Start of Block

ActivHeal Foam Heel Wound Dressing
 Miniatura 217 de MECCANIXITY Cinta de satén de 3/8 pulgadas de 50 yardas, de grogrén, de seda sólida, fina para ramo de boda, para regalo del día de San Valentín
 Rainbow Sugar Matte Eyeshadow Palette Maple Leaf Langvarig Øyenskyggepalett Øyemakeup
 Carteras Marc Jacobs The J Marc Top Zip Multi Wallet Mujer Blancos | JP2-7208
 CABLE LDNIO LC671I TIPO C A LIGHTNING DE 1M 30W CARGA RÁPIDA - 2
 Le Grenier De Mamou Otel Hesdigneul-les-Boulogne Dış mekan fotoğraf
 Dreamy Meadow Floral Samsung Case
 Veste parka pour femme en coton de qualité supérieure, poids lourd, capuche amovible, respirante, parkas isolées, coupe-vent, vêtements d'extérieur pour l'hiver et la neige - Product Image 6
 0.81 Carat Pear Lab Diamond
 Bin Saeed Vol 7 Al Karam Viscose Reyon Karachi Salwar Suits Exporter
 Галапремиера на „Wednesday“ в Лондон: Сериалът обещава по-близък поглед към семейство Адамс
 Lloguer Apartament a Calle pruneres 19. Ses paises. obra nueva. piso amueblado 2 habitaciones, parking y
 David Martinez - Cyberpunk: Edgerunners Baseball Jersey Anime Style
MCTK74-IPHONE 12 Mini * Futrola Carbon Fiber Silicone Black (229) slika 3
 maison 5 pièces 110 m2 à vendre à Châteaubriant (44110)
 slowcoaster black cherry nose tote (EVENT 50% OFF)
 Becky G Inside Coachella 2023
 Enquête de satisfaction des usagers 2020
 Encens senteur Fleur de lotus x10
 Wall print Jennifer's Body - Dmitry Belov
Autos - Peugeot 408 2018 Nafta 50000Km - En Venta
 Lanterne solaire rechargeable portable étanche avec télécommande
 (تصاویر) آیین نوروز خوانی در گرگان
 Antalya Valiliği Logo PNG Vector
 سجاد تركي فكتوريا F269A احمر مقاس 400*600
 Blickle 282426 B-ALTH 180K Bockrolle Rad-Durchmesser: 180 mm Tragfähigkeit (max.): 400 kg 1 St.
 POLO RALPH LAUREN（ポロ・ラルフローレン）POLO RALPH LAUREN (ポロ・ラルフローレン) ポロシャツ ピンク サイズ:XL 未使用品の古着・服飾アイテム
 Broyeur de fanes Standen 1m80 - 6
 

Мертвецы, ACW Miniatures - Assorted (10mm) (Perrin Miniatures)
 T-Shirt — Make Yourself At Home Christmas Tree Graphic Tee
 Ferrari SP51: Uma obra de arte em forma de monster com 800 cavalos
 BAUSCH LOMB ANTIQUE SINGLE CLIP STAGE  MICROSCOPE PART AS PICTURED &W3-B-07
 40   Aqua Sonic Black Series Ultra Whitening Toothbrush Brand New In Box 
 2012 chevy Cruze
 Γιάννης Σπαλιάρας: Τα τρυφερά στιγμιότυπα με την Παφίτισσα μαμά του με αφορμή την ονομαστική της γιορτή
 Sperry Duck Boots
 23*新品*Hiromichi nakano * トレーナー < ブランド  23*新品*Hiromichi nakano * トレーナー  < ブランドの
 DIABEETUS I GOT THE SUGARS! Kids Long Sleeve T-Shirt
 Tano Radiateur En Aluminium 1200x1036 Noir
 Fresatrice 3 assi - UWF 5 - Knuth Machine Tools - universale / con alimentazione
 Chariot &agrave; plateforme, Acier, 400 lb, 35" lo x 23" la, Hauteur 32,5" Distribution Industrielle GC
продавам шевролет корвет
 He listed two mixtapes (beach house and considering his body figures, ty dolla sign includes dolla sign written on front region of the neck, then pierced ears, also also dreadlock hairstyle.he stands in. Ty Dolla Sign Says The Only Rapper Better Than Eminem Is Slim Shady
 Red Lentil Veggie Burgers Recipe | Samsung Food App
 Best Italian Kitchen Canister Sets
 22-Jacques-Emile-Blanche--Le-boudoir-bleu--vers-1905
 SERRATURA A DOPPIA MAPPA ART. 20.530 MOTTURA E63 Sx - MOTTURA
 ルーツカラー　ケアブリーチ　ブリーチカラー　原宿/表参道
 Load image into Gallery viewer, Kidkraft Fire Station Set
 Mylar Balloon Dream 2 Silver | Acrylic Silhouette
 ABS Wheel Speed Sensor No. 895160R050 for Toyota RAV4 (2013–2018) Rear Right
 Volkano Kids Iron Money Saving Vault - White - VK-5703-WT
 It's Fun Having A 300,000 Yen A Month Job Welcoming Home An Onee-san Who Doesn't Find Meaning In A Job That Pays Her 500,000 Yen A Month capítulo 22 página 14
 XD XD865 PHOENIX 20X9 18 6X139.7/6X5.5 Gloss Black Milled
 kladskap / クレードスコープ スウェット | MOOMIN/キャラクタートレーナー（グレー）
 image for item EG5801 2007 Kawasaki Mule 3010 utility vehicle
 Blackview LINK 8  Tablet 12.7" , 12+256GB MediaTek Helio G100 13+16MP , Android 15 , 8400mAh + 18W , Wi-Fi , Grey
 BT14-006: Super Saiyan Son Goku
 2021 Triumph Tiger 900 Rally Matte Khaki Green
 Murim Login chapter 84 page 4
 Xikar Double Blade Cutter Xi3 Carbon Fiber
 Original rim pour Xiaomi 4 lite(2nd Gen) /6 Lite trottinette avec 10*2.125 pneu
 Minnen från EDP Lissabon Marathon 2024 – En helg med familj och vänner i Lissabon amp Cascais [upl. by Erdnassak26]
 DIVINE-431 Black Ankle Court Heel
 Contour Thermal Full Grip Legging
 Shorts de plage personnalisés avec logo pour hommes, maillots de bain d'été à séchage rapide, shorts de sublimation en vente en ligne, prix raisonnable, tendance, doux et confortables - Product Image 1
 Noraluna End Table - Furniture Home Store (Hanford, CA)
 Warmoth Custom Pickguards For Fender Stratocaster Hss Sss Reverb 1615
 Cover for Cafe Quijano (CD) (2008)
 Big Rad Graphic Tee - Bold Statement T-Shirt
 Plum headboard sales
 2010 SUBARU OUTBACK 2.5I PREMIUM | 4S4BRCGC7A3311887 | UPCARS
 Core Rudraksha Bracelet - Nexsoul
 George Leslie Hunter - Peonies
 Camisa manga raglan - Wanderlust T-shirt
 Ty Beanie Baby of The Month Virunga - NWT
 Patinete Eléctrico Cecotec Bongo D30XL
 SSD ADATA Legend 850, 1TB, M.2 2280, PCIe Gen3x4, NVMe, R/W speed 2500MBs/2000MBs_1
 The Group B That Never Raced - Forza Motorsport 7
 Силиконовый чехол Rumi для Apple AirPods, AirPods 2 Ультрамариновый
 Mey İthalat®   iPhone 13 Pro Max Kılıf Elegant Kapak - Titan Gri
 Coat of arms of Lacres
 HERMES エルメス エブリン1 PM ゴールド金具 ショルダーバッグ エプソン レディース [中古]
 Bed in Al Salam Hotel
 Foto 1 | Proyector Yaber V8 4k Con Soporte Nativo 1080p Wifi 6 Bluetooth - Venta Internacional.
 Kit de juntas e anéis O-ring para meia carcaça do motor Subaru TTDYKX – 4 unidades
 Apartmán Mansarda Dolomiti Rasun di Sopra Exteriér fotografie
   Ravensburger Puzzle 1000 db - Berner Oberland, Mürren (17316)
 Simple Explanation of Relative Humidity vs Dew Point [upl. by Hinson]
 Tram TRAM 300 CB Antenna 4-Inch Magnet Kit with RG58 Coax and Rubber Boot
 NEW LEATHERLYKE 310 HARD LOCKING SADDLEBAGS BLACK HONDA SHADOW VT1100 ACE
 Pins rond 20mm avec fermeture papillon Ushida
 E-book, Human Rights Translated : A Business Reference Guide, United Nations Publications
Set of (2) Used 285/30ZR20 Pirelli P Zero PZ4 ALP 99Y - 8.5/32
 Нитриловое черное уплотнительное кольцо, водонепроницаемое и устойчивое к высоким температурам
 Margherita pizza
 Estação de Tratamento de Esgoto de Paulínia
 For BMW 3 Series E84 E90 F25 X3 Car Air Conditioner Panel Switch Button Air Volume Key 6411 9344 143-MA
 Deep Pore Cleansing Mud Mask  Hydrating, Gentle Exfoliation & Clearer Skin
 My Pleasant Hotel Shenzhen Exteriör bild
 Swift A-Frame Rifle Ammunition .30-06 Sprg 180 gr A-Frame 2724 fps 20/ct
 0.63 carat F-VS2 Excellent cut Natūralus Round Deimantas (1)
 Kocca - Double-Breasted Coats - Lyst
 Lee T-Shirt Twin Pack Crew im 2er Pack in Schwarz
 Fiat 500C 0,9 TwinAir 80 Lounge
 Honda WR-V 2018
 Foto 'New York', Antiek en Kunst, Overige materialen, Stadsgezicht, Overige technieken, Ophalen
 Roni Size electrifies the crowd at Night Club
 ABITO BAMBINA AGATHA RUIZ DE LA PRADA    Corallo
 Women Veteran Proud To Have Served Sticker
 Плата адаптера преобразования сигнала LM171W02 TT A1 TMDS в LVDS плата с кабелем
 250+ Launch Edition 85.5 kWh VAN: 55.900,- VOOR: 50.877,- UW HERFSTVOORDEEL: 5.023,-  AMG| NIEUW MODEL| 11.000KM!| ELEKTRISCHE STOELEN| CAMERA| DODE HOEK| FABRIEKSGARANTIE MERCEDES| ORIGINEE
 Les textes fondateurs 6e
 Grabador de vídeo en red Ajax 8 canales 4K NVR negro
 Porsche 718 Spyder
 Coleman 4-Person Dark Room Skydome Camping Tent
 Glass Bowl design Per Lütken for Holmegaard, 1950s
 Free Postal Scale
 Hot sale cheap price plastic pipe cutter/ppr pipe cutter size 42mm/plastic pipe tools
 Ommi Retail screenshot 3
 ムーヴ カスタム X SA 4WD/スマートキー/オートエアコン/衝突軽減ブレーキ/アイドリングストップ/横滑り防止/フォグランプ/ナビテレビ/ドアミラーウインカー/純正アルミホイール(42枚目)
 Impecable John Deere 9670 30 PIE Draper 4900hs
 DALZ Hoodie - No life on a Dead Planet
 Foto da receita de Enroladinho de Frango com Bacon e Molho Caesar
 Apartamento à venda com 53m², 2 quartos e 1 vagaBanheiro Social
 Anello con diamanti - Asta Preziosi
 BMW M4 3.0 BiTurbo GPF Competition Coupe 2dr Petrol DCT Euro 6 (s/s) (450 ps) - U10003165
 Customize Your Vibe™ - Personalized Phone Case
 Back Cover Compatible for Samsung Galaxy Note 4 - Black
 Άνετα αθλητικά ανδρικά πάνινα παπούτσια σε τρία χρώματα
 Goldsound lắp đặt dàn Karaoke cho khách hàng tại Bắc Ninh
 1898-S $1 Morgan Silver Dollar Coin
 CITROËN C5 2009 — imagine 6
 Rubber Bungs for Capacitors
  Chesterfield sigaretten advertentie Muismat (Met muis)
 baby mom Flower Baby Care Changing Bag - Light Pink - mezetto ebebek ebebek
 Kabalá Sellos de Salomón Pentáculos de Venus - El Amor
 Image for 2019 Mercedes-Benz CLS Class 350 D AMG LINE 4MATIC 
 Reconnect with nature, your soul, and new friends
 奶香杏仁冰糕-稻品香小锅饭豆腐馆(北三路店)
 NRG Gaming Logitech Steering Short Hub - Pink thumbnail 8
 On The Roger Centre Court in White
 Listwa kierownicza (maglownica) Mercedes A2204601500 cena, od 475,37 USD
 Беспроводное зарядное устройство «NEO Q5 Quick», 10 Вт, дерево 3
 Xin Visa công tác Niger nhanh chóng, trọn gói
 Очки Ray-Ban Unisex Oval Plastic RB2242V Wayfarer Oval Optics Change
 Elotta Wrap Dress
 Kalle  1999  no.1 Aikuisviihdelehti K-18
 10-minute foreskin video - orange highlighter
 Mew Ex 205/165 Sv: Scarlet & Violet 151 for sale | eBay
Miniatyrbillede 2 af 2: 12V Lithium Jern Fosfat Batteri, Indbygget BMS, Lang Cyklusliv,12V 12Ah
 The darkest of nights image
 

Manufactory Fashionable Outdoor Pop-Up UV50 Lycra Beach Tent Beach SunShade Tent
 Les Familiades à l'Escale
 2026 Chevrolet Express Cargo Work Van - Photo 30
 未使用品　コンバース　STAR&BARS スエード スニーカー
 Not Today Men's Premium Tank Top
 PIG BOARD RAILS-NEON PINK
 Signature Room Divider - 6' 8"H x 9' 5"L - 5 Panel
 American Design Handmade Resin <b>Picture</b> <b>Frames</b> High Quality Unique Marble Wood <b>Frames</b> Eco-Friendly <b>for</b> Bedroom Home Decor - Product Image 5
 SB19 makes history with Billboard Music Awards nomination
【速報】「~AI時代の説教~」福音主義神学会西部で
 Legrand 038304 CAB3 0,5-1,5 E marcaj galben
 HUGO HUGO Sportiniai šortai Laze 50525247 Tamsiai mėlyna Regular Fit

End of Block

Prompt:
Wherever the string "Series" appears in the records above, copy the line it sits in.

Task output:
 40   Aqua Sonic Black Series Ultra Whitening Toothbrush Brand New In Box 
 For BMW 3 Series E84 E90 F25 X3 Car Air Conditioner Panel Switch Button Air Volume Key 6411 9344 143-MA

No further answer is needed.